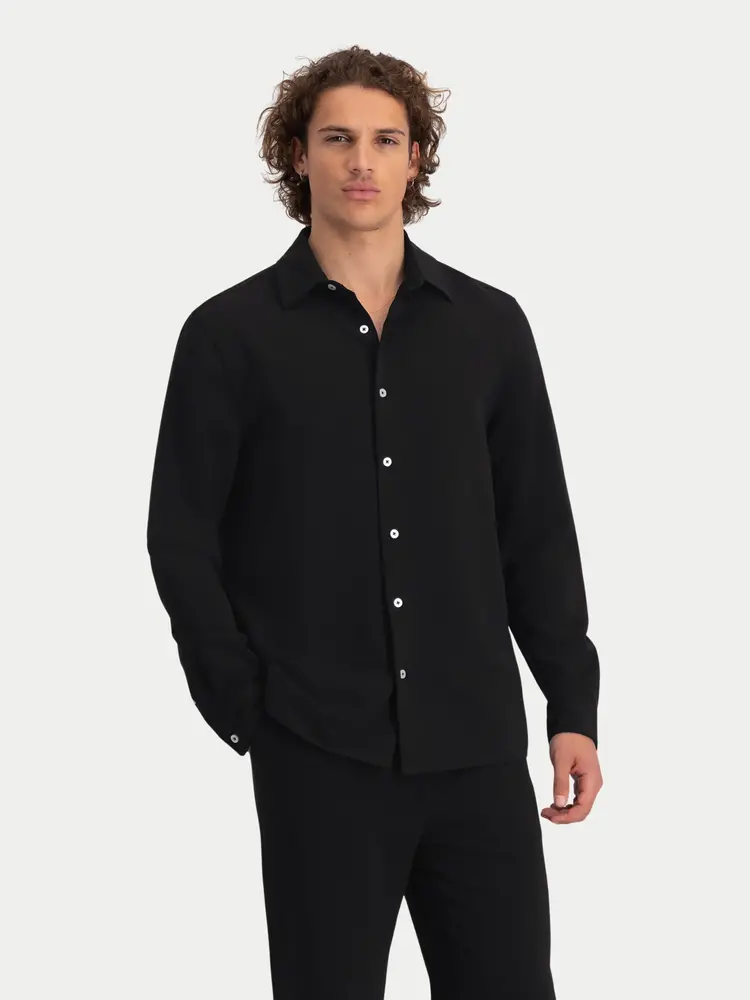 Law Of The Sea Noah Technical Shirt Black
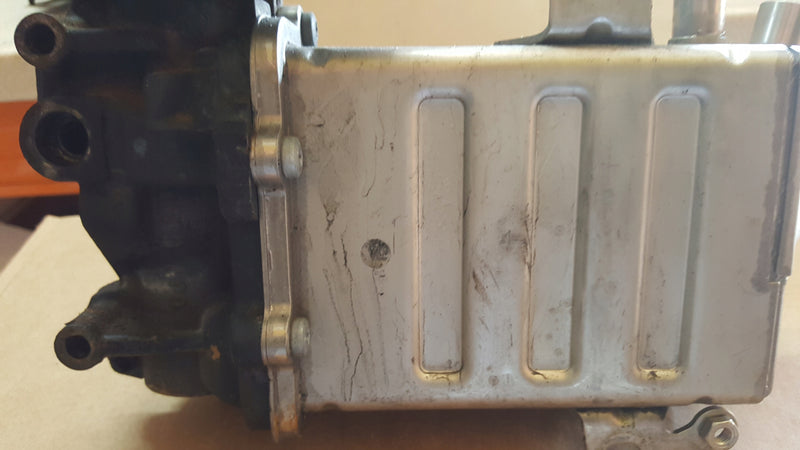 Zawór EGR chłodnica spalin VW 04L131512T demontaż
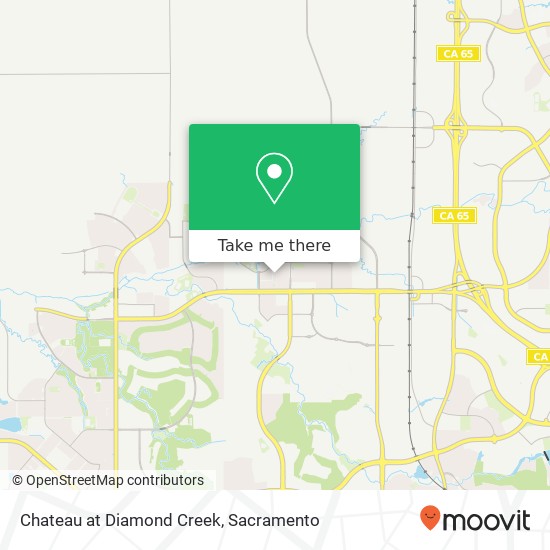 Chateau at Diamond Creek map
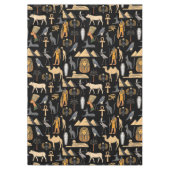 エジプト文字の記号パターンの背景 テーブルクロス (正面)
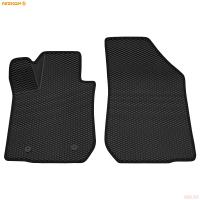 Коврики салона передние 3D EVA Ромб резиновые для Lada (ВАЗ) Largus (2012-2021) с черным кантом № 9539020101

- Aim of the task -
Without altering a word, return all of the records above and leave out their pictures.

- Completed task -
 Law Of The Sea Noah Technical Shirt Black
 Zawór EGR chłodnica spalin VW 04L131512T demontaż
 Chateau at Diamond Creek map
 エジプト文字の記号パターンの背景 テーブルクロス (正面)
 Коврики салона передние 3D EVA Ромб резиновые для Lada (ВАЗ) Largus (2012-2021) с черным кантом № 9539020101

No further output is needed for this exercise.